The HSE Stress Management Standards specifically highlight managers’ responsibilities in creating a workplace which is free from bullying and harassment.
Training is delivered in a relaxed, informal and flexible manner with plenty of opportunity for questions and discussion. There is a very interactive learning process with exercises designed to stimulate interest and learning.

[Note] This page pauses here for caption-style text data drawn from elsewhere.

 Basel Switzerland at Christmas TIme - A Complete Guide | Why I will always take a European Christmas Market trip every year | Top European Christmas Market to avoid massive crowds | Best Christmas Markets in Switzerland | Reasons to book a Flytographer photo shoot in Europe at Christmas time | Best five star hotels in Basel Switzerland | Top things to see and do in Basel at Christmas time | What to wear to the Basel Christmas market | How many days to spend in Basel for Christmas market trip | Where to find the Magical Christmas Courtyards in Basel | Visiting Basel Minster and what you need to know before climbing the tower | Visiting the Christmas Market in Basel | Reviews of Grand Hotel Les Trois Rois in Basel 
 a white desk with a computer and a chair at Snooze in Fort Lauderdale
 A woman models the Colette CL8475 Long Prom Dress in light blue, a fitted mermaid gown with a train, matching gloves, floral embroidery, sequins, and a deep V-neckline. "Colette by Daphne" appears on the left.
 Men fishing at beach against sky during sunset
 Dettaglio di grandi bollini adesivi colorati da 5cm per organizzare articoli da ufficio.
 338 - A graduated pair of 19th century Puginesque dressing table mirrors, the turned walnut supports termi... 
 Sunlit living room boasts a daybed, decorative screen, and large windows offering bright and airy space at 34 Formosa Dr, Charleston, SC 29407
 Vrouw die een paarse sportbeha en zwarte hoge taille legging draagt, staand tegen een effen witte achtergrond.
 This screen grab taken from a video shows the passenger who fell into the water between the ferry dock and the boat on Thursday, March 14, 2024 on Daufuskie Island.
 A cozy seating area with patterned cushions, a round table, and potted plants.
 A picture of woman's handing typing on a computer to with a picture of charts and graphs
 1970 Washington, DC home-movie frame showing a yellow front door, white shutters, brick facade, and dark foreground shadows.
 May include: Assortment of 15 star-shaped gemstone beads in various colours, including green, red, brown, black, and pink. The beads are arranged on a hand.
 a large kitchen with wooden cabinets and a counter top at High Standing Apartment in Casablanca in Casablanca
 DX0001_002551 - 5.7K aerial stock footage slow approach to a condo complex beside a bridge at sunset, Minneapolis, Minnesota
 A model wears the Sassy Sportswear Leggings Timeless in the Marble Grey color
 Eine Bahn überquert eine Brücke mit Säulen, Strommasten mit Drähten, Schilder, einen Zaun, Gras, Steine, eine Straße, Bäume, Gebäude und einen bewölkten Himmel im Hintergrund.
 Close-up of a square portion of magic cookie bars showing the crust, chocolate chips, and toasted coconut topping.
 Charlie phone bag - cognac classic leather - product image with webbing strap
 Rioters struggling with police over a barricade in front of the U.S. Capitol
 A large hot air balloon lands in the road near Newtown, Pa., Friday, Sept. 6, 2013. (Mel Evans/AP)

There is increasing awareness of the effect bullying and harassment can have on individual, team and organisational welfare. The CIPD has estimated that over 50% of stress cases at work involve bullying, and the increasing costs of compensation can be staggering.
High-profile successful cases such as ‘Green v Deutsche Bank’ and ‘Marjowski v Guy’s and St Thomas’ NHS Health Trust’ emphasise the potential human and financial costs for any organisation and the obvious need for training on bullying in the workplace.
More recently, in Michalak v The Mid Yorks Hospital NHS Trust, a record award of c £4.5m was made after “…the Trust’s behaviour in which it orchestrated a lengthy secret campaign’ against one of its doctors where the Tribunal found their behaviour amounted to unlawful sex and race discrimination.